AWWA/WEF student chapter reaches out to next generation of engineers

AWWA/WEF student chapter reaches out to next generation of engineers

Calendar Icon Mar 02, 2016      Person Bust Icon By Karl Vogel     RSS Feed RSS

Rachel Levine, vice president of UNL's AWWA/WEF student chapter and a graduate student in civil engineering, shows middle school students an experiment during the Global Day of the Engineer, Feb. 24 at the Nebraska Union.
Rachel Levine, vice president of UNL's AWWA/WEF student chapter and a graduate student in civil engineering, shows middle school students an experiment during the Global Day of the Engineer, Feb. 24 at the Nebraska Union.
Finding solutions to the world’s problems is one of the duties of engineers.

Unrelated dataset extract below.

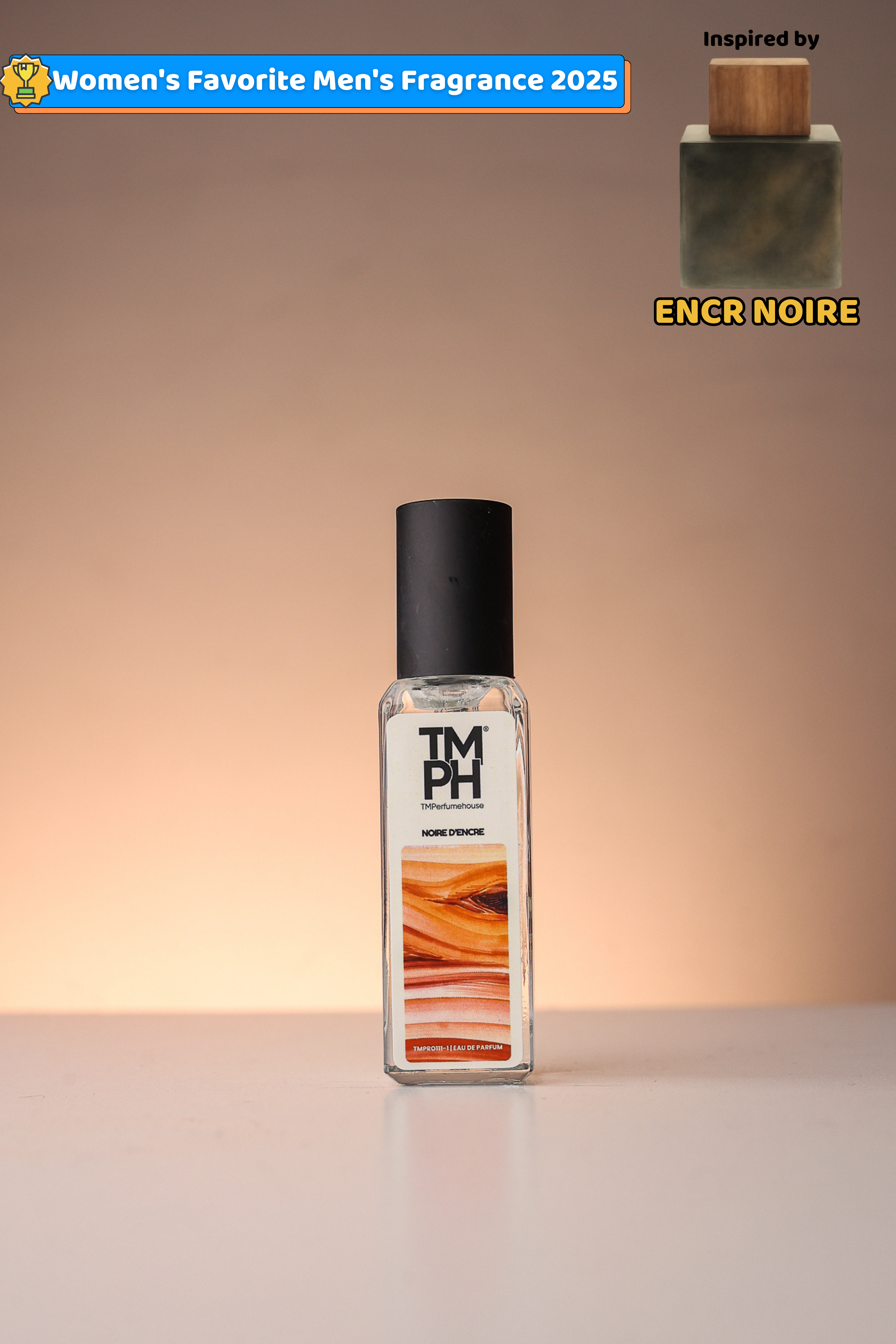 Noire d’Encre - LG  Inspired perfume | TMPerfumehouse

But finding the next generation of problem solvers, especially those who will tackle the job of protecting the earth and its environment, is a task that a group of UNL engineering students doesn’t take lightly.

Showing nearly 60 middle school-age students easy and new ways that water is being used for the betterment of people and the planet, the UNL student chapter of American Water Works Association/Water Environment Foundation (AWWA/WEF) made an impact during the Feb. 24 Global Day of the Engineer. The event at the Nebraska Union was part of the annual Engineering Week.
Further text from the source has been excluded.